An Irishman was captured by a remote African tribe.

Impressed by his pleas for mercy, the chief (who had a remarkable grasp of English) offered him the opportunity to survive, if he undertook The Three Huts Ordeal.

“I’ll do it,” said Mick. “What is it?”

“In the first hut,” said the chief, “there is a barrel of our local liquor. You must drink all of it within the hour. In the second hut there is a lion with a bad tooth – that’s him roaring in there. You must remove that tooth. In the third hut there is a woman with an insatiable sexual appetite. You must satisfy her.

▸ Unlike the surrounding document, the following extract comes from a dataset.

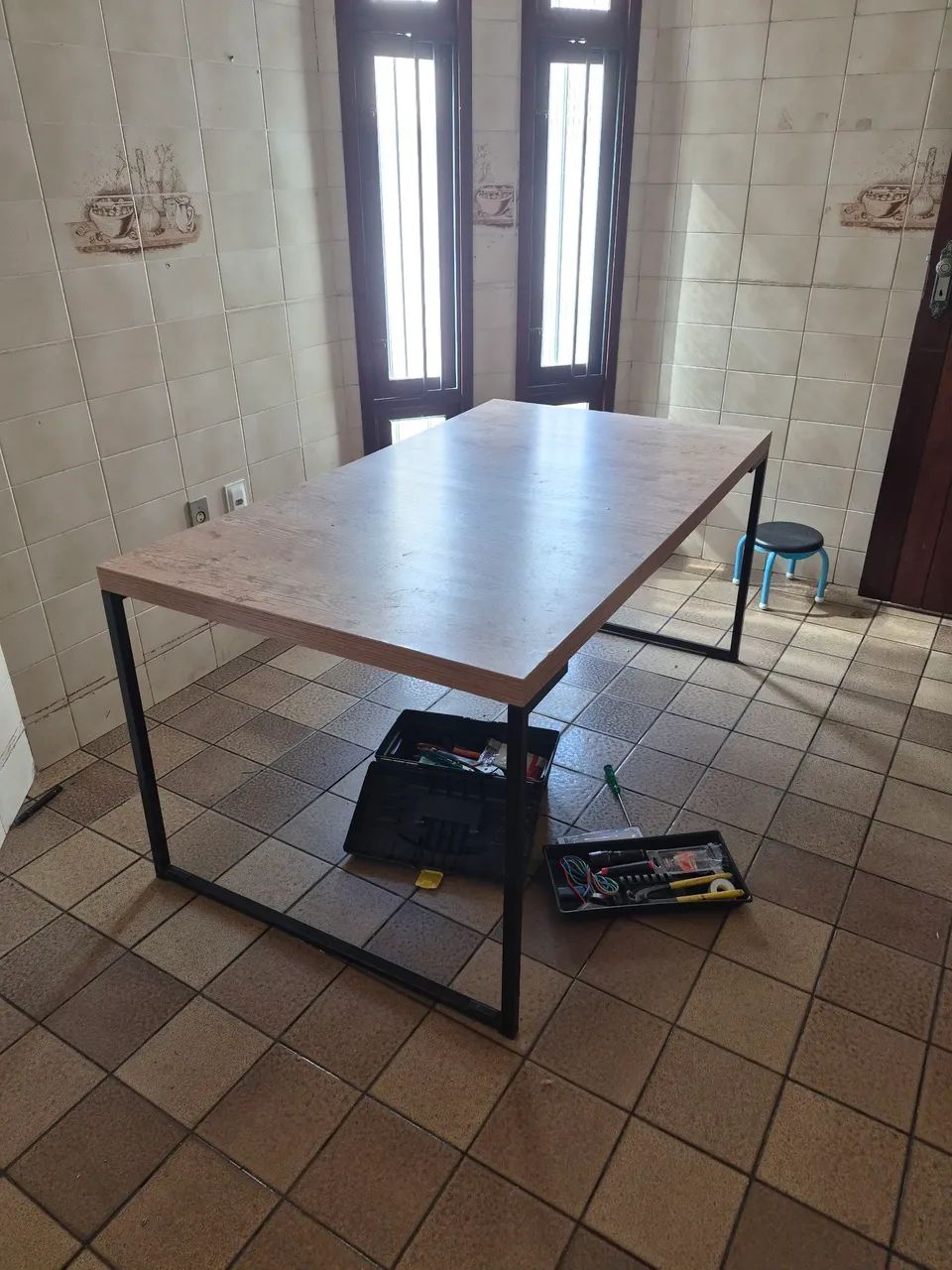 Mesa Retangular Estilo Industrial - Madeira e Ferro Preto - Foto 2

Perform all three tasks successfully and you will go free.”

“I’ll do it,” said Mick (though harbouring some minor doubts as to the political correctness of the tasks involved).

Needless to say, his bravado was greeted with scorn and incredulity.

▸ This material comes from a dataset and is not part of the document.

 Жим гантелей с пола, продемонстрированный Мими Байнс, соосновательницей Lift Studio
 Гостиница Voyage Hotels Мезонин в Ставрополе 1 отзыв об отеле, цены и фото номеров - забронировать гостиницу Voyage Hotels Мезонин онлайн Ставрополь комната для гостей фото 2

He was thrust into the first hut, the door locked behind him. Twenty minutes later, there was a loud banging on the door.

“I’ve finished it!”

The chief orders that the barrel be checked. Sure enough, he’s drunk the lot.

They push him into the second hut. The lions roaring reaches a crescendo, then subsides. The tribesmen wait, convinced that Mick has been killed.

“I’ve finished!”

They open the door. The lion is lying there peacefully.

Mick staggers out. “Now,” he slurs, “where’s your woman with the bad tooth?”